Autore: L'angolo della cultura Rubriche

Italiani, ma che popolo siamo?

Ce ne hanno detto di tutti i colori. Che siamo «lazzaroni», amanti del vino e delle belle donne, portati per vocazione al parassitismo. Il bello è che è tutto sacrosantamente vero, ma … Intanto, sparata così, la cosa assume i toni del colpo basso, anche perché proviene dai Paesi Bassi e da un articolo pubblicato su una rivista dal nome impossibile. In passato era successo di peggio, con quella copertina del «Der Spiegel» del 1977 che inquadrava una pistola adagiata su un letto di spaghetti. Poi ne seguirono altre, sempre forti e di pessimo gusto. La verità è che ci invidiano, perché nonostante i nostri vizietti privati, la nostra indole spensierata e le gravi questioni morali che al nostro (mal)costume ben si attagliano (criminalità organizzata, corruzione, lobbismo, clientelismo), quando il gioco si fa duro diamo il meglio di noi.
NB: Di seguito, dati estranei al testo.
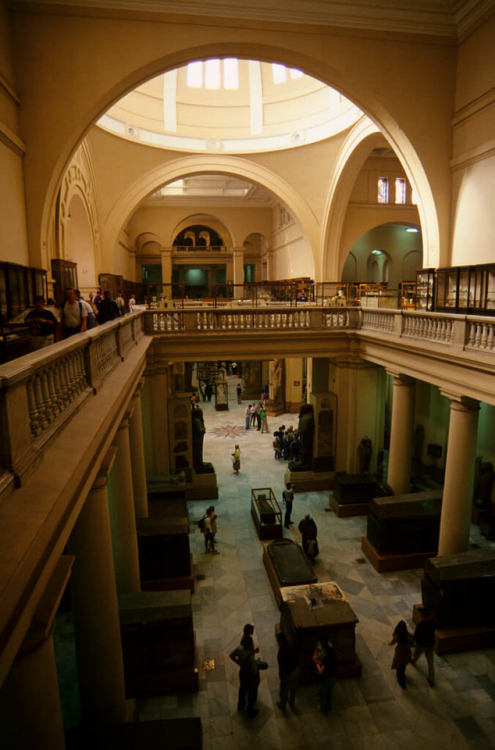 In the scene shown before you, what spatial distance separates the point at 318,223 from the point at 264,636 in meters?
17.3

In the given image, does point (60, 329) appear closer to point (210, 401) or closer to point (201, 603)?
→ point (201, 603)

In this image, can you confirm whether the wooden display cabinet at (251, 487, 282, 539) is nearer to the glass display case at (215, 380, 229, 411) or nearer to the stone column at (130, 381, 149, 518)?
the stone column at (130, 381, 149, 518)

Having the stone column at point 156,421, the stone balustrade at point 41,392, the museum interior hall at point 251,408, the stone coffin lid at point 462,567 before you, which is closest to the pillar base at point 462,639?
the museum interior hall at point 251,408

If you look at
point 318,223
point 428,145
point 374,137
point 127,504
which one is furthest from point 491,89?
point 127,504

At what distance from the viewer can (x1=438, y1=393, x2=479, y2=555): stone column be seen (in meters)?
8.38

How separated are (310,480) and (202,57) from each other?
1185 cm

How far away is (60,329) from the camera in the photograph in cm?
620

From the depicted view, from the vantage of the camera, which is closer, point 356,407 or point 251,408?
point 356,407

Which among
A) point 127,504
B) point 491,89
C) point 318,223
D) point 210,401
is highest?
point 491,89

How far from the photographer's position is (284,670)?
20.6ft

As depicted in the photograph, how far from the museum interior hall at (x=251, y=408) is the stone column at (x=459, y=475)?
0.14 feet

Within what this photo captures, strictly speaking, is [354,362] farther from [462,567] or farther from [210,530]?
[462,567]

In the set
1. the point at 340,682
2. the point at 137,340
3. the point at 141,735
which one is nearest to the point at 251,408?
the point at 137,340

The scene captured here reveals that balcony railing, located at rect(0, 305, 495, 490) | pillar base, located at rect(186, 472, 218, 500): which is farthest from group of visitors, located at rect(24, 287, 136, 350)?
pillar base, located at rect(186, 472, 218, 500) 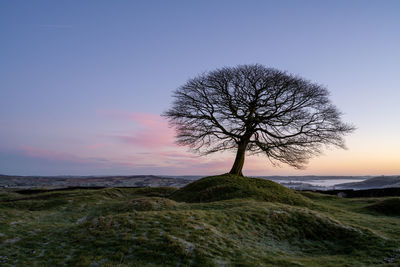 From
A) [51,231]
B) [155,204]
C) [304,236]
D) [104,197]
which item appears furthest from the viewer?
[104,197]

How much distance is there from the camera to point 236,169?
1213 inches

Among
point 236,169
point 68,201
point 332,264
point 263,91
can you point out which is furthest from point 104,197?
point 332,264

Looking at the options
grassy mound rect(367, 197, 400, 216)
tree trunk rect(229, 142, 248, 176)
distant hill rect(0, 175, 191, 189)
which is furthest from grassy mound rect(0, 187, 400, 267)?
distant hill rect(0, 175, 191, 189)

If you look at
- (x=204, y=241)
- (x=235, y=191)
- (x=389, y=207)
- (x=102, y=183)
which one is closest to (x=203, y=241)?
(x=204, y=241)

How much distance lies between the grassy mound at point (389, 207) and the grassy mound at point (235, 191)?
6973 millimetres

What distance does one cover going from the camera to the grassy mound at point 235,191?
23891 millimetres

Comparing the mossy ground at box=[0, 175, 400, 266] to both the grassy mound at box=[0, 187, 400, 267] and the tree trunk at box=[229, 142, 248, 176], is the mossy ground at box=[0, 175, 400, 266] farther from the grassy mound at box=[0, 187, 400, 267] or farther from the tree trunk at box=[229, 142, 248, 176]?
the tree trunk at box=[229, 142, 248, 176]

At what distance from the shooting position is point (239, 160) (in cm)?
3097

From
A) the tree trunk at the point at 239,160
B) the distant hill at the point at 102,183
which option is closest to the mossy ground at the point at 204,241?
the tree trunk at the point at 239,160

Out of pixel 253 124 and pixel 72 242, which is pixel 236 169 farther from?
pixel 72 242

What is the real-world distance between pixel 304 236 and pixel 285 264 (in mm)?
4982

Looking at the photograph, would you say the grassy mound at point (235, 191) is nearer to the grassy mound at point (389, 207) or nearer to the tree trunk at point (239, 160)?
the tree trunk at point (239, 160)

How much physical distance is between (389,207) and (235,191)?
15541 millimetres

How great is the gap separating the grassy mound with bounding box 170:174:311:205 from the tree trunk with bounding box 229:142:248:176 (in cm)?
133
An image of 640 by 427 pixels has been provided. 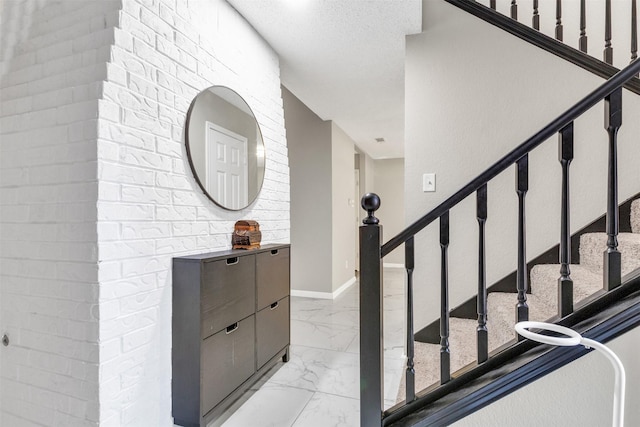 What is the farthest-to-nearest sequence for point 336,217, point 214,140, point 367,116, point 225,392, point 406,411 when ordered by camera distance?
point 336,217, point 367,116, point 214,140, point 225,392, point 406,411

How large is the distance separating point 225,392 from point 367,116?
3446mm

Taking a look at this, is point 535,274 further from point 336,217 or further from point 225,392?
point 336,217

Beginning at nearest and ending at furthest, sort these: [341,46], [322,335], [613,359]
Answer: [613,359], [341,46], [322,335]

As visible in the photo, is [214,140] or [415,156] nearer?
[214,140]

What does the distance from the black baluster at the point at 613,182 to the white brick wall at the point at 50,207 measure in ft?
6.20

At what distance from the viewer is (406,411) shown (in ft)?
4.42

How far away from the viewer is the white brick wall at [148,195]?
137 cm

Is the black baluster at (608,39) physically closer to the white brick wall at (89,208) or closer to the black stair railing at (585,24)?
the black stair railing at (585,24)

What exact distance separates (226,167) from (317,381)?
5.00ft

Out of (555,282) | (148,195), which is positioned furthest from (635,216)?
(148,195)

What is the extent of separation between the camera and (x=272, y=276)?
2295mm

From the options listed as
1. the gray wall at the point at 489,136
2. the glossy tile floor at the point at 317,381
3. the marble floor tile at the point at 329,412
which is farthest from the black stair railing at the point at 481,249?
the gray wall at the point at 489,136

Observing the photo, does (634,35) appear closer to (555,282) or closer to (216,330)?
(555,282)

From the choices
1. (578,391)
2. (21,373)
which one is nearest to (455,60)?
(578,391) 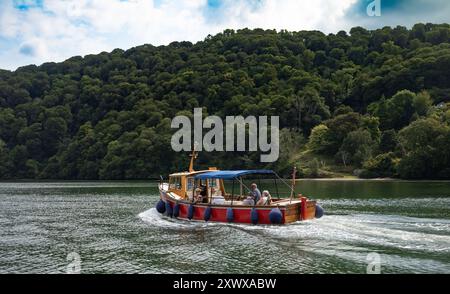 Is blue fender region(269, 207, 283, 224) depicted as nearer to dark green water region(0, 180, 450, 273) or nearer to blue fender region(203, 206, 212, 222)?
dark green water region(0, 180, 450, 273)

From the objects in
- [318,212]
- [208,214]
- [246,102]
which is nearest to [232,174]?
[208,214]

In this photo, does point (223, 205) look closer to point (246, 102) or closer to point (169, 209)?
point (169, 209)

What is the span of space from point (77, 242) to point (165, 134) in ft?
340

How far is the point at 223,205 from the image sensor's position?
112ft

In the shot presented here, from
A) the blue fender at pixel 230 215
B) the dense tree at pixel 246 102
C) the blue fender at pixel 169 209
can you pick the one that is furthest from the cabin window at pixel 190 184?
the dense tree at pixel 246 102

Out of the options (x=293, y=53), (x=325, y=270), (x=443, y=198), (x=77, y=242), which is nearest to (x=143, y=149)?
(x=293, y=53)

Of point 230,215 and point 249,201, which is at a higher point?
point 249,201

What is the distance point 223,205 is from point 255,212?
2633 mm

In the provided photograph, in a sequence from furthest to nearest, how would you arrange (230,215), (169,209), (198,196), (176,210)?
(169,209)
(176,210)
(198,196)
(230,215)

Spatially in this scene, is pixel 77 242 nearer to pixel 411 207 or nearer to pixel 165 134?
pixel 411 207

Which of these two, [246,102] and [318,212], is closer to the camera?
[318,212]

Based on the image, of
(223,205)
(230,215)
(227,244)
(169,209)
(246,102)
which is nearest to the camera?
(227,244)

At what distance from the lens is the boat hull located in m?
32.0

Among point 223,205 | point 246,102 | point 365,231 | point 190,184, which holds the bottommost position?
point 365,231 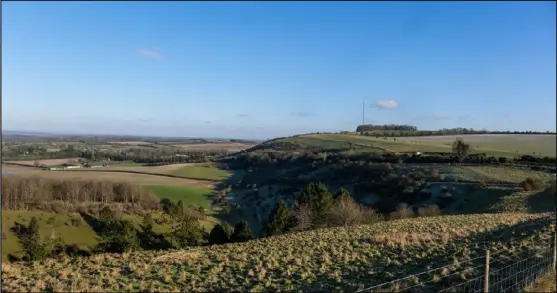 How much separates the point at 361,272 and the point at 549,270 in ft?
16.8

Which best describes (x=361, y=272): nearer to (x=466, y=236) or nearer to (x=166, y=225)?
(x=466, y=236)

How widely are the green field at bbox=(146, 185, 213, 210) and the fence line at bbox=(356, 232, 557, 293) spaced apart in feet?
220

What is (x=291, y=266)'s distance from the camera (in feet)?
46.6

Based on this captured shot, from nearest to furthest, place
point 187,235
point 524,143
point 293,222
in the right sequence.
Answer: point 524,143
point 293,222
point 187,235

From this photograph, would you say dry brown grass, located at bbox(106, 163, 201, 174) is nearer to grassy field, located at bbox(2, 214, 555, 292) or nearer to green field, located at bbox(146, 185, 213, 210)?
green field, located at bbox(146, 185, 213, 210)

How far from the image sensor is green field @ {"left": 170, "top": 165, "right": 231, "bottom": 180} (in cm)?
9238

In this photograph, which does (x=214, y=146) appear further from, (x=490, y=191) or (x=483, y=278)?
(x=483, y=278)

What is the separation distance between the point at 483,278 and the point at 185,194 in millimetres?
75975

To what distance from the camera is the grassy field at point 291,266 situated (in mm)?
11633

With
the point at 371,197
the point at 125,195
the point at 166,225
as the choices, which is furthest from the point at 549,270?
the point at 125,195

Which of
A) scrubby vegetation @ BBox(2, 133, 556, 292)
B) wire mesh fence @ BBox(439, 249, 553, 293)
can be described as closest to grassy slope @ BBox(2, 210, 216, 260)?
scrubby vegetation @ BBox(2, 133, 556, 292)

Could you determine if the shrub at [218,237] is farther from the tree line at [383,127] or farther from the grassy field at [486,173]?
the tree line at [383,127]

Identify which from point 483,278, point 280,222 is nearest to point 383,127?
point 280,222

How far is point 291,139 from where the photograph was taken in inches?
5177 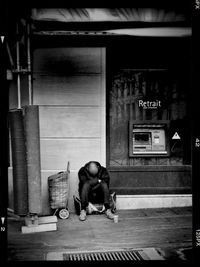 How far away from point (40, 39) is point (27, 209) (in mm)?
3766

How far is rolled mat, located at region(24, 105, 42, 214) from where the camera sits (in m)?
7.06

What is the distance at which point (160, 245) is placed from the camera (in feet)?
22.2

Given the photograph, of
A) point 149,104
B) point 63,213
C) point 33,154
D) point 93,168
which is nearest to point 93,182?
point 93,168

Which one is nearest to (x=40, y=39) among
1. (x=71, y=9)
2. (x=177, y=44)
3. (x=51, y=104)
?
(x=51, y=104)

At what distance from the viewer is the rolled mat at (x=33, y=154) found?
7062mm

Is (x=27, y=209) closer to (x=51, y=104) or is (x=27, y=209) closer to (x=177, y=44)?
(x=51, y=104)

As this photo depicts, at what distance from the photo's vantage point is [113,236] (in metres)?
7.37

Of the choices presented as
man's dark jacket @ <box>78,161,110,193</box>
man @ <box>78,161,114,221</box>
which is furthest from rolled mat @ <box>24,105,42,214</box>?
man's dark jacket @ <box>78,161,110,193</box>

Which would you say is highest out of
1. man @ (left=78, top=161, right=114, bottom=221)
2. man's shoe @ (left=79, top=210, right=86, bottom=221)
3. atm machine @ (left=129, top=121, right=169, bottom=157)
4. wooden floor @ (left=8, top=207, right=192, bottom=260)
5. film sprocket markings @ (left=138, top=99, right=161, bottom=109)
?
film sprocket markings @ (left=138, top=99, right=161, bottom=109)

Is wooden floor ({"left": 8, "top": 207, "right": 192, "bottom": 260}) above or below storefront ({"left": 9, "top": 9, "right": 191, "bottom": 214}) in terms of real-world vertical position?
below

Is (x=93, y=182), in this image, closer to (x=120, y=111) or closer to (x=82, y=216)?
(x=82, y=216)

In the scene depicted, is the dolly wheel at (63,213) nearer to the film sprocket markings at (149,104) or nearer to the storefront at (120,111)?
the storefront at (120,111)

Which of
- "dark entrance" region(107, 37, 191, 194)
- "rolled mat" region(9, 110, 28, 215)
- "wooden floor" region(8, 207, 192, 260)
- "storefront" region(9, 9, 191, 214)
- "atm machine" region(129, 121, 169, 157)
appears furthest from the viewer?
"atm machine" region(129, 121, 169, 157)

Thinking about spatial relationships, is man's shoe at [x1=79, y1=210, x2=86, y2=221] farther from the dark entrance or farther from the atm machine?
the atm machine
Perciò anche questa volta risorgeremo come l’araba fenicia dalle nostre ceneri, con uno scatto di orgoglio e di volontà, perché noi italiani abbiamo quasi una predisposizione genetica a ripartire dopo le tragedie. Che siamo «anche» un popolo di chianti, poeti e passeggiatori lo sapevamo da un pezzo. E sono stati illustri connazionali a dircelo, senza nemmeno che ce la prendessimo più di tanto.
«Fateli dire, fateli sfogare sti intellettuali … quelli che ne sanno della vita vera, quelli stanno sempre in mezzo ai libri!». Così avrebbe potuto esprimersi qualsiasi bottegaio del 1824, l’anno in cui «il giovane favoloso» pubblicava il «Discorso sopra lo stato presente dei costumi degli italiani». Sentite cosa scrive, durissimo, il ventiseienne Leopardi: «In Italia manca una società stretta (noi diremmo «senso dello Stato») … Il clima che gl’inclina naturalmente a vivere gran parte del dì allo scoperto e quindi a passeggio e cose tali, la vivacità del carattere italiano che fa loro preferire i piaceri dello spettacolo e gli altri diletti de’ sensi a quelli più particolarmente propri dello spirito e che gli spinge all’assoluto divertimento scompagnato da ogni fatica dell’animo e alla negligenza e pigrizia». Passano cinquantotto anni e, il 4 giugno 1882, in una cerimonia commemorativa in onore dell’appena defunto Peppino Garibaldi, il bardo nazionale professor Carducci si produce in un’orazione in cui infila queste parole dure come pietre: «A questa Nazione, giovine di ieri e vecchia di trenta secoli, manca del tutto la serena e non timida coscienza, l’idealità delle tradizioni patrie che sole affidano un popolo all’avvenire. Uomini e partiti non hanno idee, o per idee si spacciano affocamenti di piccoli vantaggi: dove si baratta per genio l’abilità e per abilità qualche cosa di peggio, dove tromba dell’illegalità ed alfiere dell’autorità è la vergogna sgaiattolante tra articolo e articolo del codice penale».
Ed ora due brevi post scriptum: 1) Ma il contino Giacomo, oltre alle fatiche dell’animo, ne ha fatte altre in vita sua? 2) Carducci si rese conto della sua parabola involutiva che lo portò, da posizioni repubblicane e anticlericali, a diventare un fido cicisbeo di Margherita e poi un pacifico Senatore del Regno? Una volta ancora bisogna ammettere che aveva ragione il sulfureo Ennio Flaiano «Quella italiana non è una nazionalità, è una professione».